Mustapha Bouaziz, historien spécialisé dans le mouvement nationaliste marocain, nous rappelle certains faits: «La deuxième génération des nationalistes marocains a grandi lors des années 1920 et avait une vision pacifiste, civilisationnelle de la lutte pour l’indépendance. Elle menait des actions civiques tels que la grève, le boycott, le tract, etc… Cette génération a préféré travailler dans le cadre de la légalité internationale et considérait que le traité du protectorat, signé à Fès le 30 mars 1912, devait être respecté puisqu’il était régi par le droit international. La première génération des nationalistes marocains avait porté les armes et avait échoué dans son combat puisque le Maroc a été pacifié, ce qui avait poussé la seconde génération à voir les choses autrement».
Les nationalistes de la seconde génération considéraient le traité de Fès comme un acte international qui ne donne pas aux Français le droit de gouverner le Maroc, mais seulement de conseiller le pouvoir et protéger sa souveraineté, incarnée par le Sultan. «A partir de toutes ces considérations, les nationalistes ont décidé de célébrer la Fête du trône car auparavant, seul le 14 juillet était fêté au Maroc», assure Mustapha Bouaziz.
Le 18 novembre 1933, les Marocains célèbrent, pour la première fois de leur histoire, la Fête du trône poussés par l’appel lancé dans des revues nationalistes, notamment la Revue du Maghreb à Rabat et la Revue de l’action du peuple de Fès, dirigée par un certain Mohammed Ben El Hassan Elouazzani.
Fête du trône et les Trois glorieuses
Les nationalistes mobilisent la foule et une bonne partie des maisons marocaines arborent le drapeau national, donnant à cette date un air de fête populaire. «Commémorer la date de l’intronisation du Sultan Mohammed Ben Youssef était en soi un acte de rébellion que la Résidence générale n’a pas apprécié. D’ailleurs, plusieurs Marocains ne l’ont pas célébrée de peur des représailles des services du protectorat. Certains ont brandi les deux drapeaux, marocain et français, pour expliquer que leur geste est amical et qu’ils ne visent pas la confrontation avec la puissance coloniale», souligne le spécialiste de l’histoire contemporaine du Maroc qui ajoute que la France, via le Résident général de l’époque, a essayé de récupérer l’évènement.

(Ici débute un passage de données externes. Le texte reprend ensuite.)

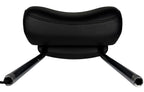 Jeep Grand Cherokee Black Leather Active Headrest Front for 2011-2021 Dodge Durango — photo 11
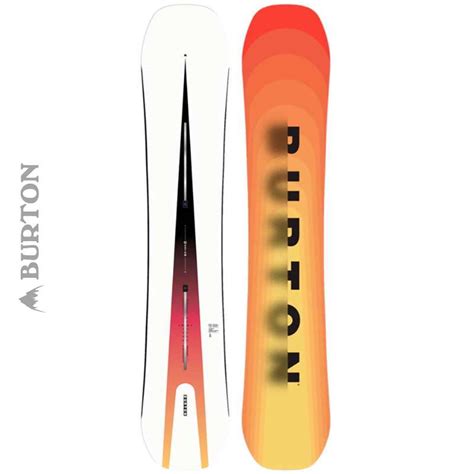 Tabla burton custom Continuara.org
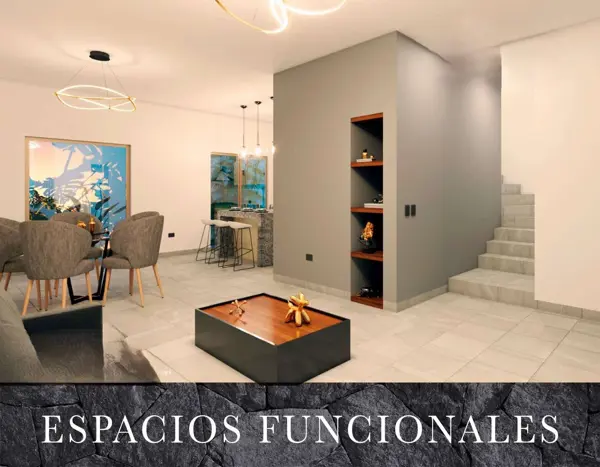 Casa en venta en Campiñas de Iberia, Torreón — foto 2 de 6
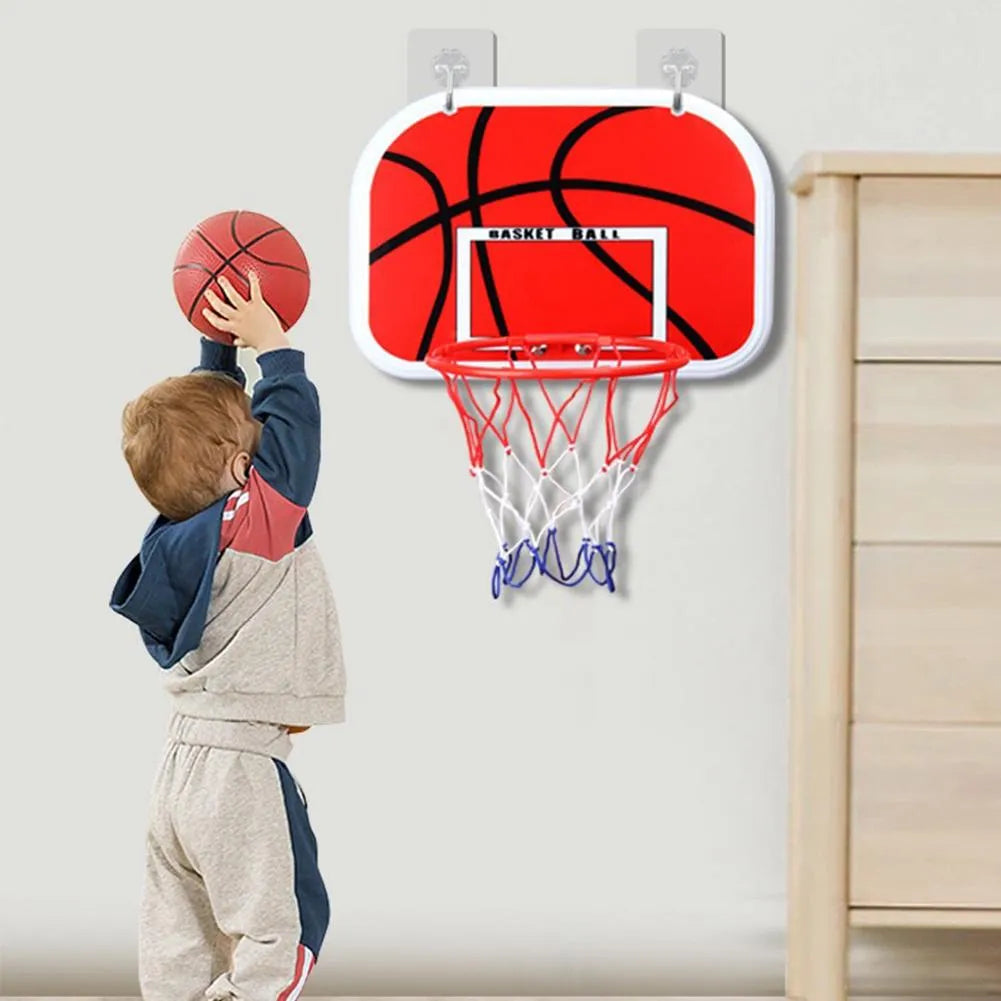 Hong Basketball Hoop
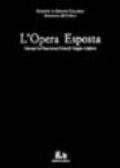 L'opera esposta. Idee per la Pinacoteca civica di Reggio Calabria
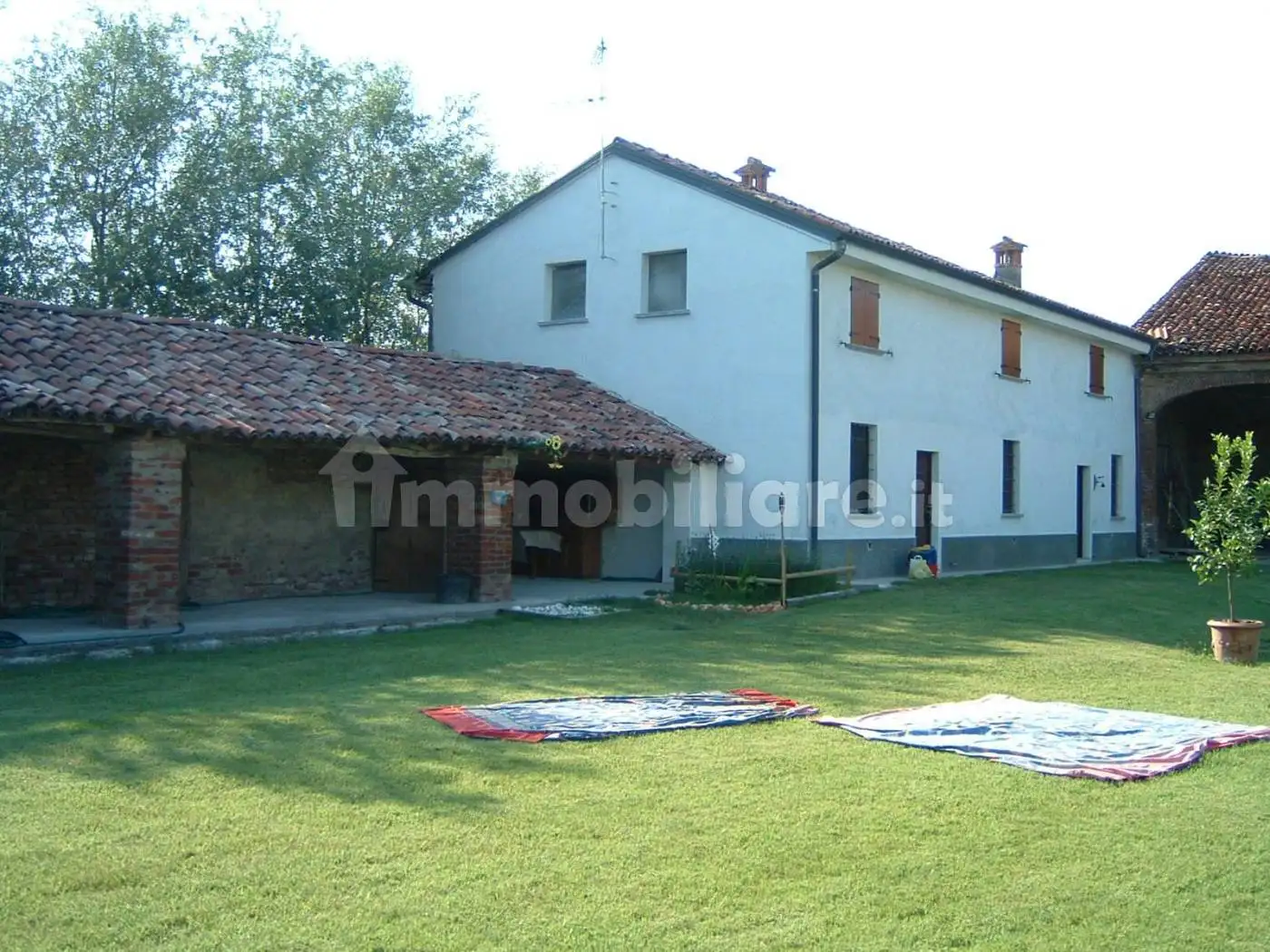 Rustico - Casale in vendita a Derovere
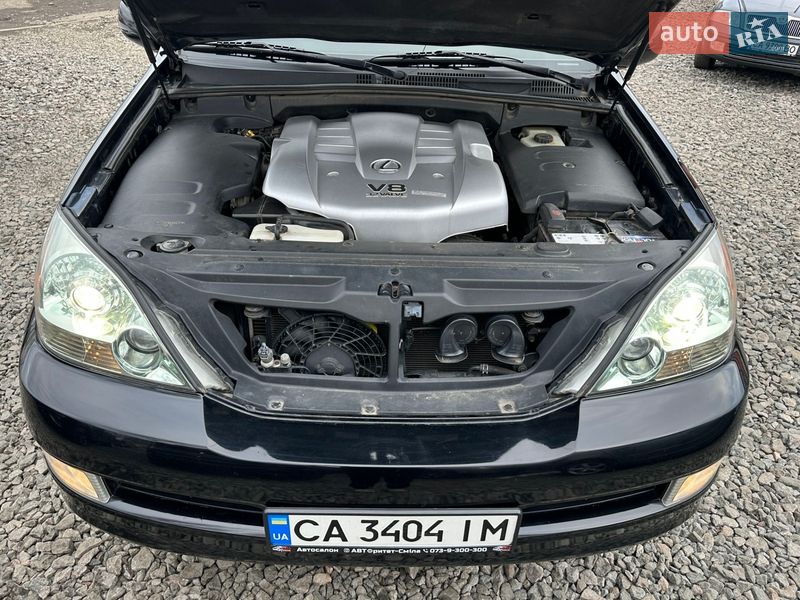 Позашляховик / Кросовер Lexus GX 2004 в Смілі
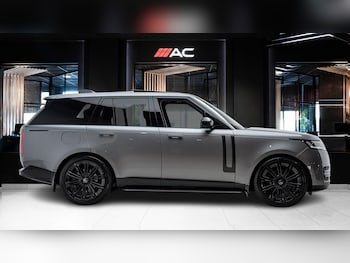 Used Land Rover Range Rover 2026 for sale - 79357839: Photo
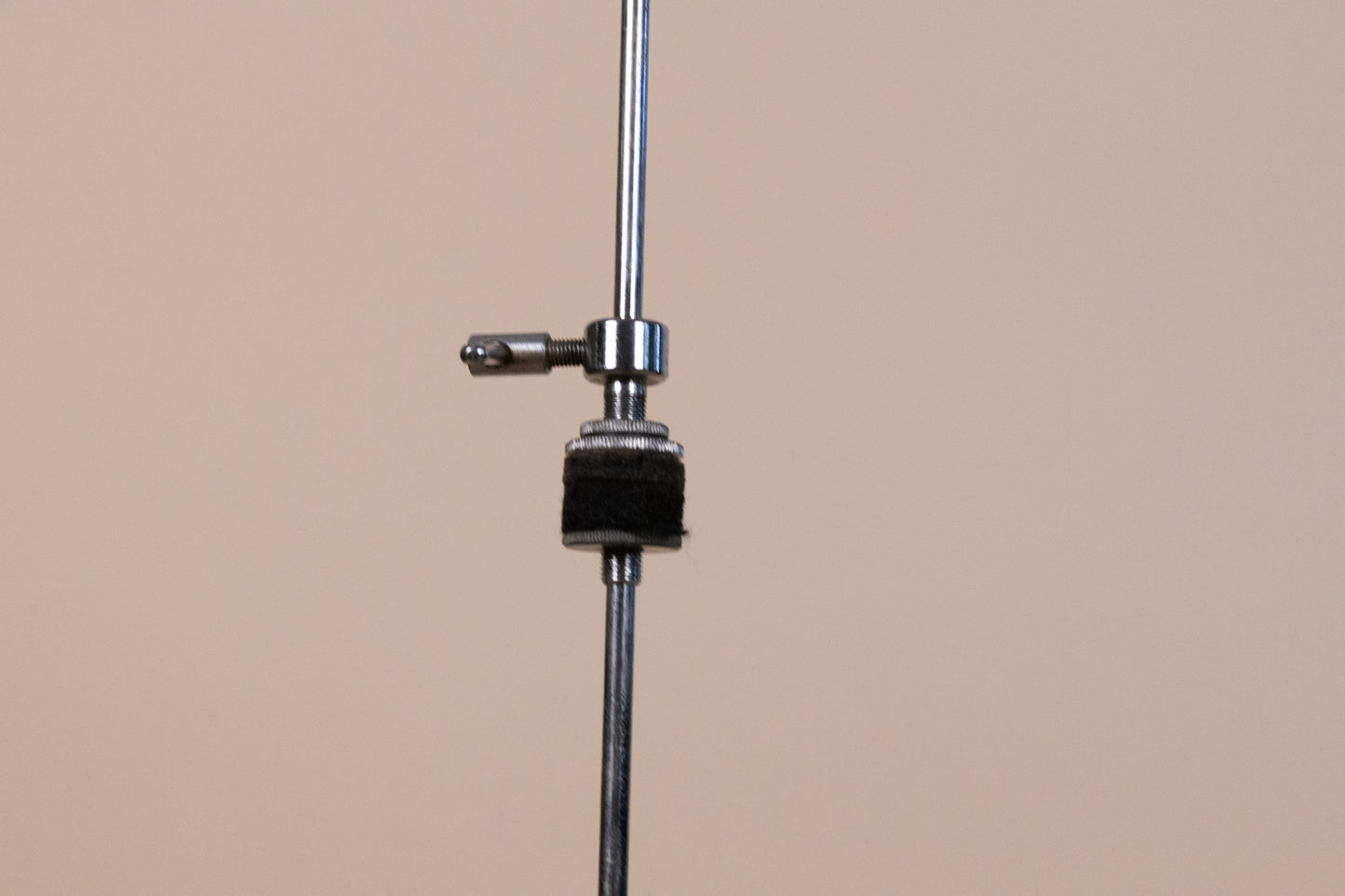 1970s Ludwig Hercules "Vistalite" Hi Hat Stand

Entre 1933 et 1953, les Marocains prirent l’habitude de célébrer la Fête du trône en ce jour et la date du 18 novembre est devenue synonyme de démonstration de force du mouvement nationaliste marocain. En 1953, le général Augustin Guillaume décide de déposer Mohammed V pour placer son oncle, Mohammed Ibn Arafa, sur le trône mais Mohammed V refuse d’abdiquer. «L’arrestation puis la déportation du Sultan, d’abord en Corse, puis à Madagascar a eu le contraire de l’effet escompté et elle n’a fait que souder davantage les Marocains derrière leur Sultan», rappelle Mostapha Bouaziz. Après plus de trois ans de lutte, le mouvement nationaliste parvient à obtenir le retour de Mohammed V de son exil.
Le 16 novembre 1955, l’avion de Mohammed V atterrit au Maroc et c’est une liesse populaire sur l’ensemble du territoire national. Les Marocains exultent et la fête durera trois jours, plus connue sous le nom des Trois glorieuses. Ainsi le 16 novembre, c’est le retour, le 17, la résurrection de la nation marocaine et le 18 novembre, la Fête du trône durant laquelle, le roi Mohammed V a adressé un discours à la nation annonçant que le royaume était sur le chemin de l’indépendance.
«L’indépendance officielle du Maroc a été signée le 2 mars 1956 et malgré le retour de Mohammed V, la Résidence générale continuait à diriger le pays», précise l’historien. Selon lui, la décision de fêter l’indépendance le 18 novembre a été prise par le roi Hassan II. «La Fête du trône de Hassan II était le 3 mars. Il a déplacé la date de l’indépendance du royaume au mois de novembre et l’a fait coïncider avec l’ancienne fête du trône», conclut Bouaziz.